§ Action item:
Copy the records below exactly, starting at the line that contains "Squeeze Toy Flexible" and ending at the line that contains "Chamfering Tool Cutter"; leave out any pictures.
[Exercise data Boundary: Start]
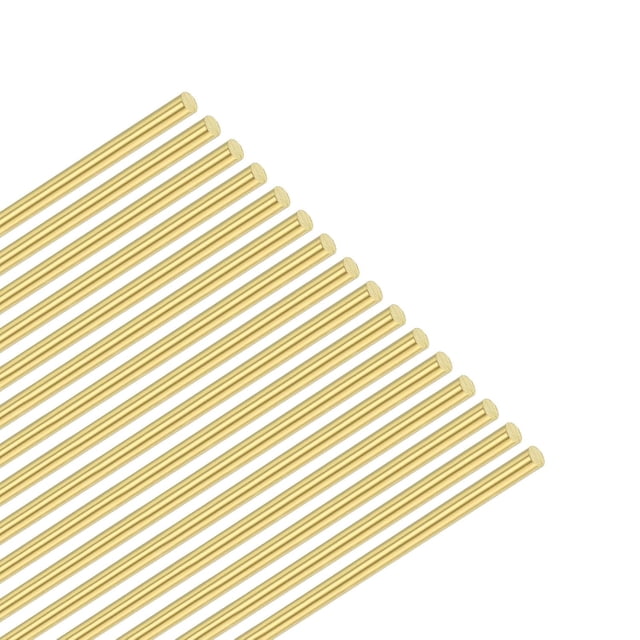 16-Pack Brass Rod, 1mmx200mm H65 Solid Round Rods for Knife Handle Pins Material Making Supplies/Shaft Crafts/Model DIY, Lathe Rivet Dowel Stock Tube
[Exercise data Boundary: End]
[Exercise data Boundary: Start]
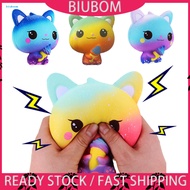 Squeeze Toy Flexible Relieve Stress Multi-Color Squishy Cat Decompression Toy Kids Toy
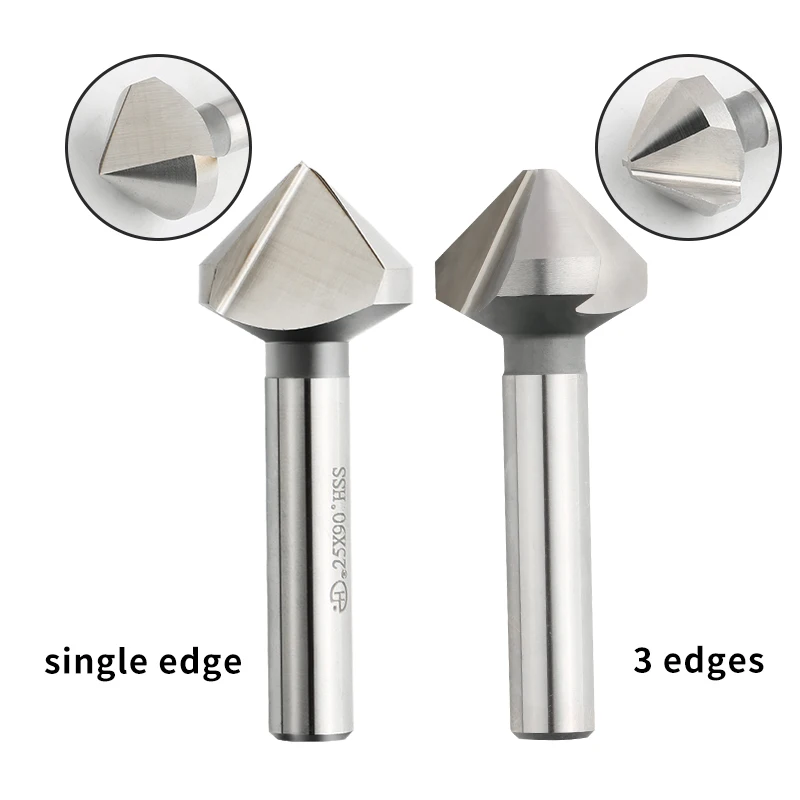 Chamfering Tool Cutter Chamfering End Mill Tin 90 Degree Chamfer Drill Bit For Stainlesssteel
[Exercise data Boundary: End]
§ Task response:
 Squeeze Toy Flexible Relieve Stress Multi-Color Squishy Cat Decompression Toy Kids Toy
 Chamfering Tool Cutter Chamfering End Mill Tin 90 Degree Chamfer Drill Bit For Stainlesssteel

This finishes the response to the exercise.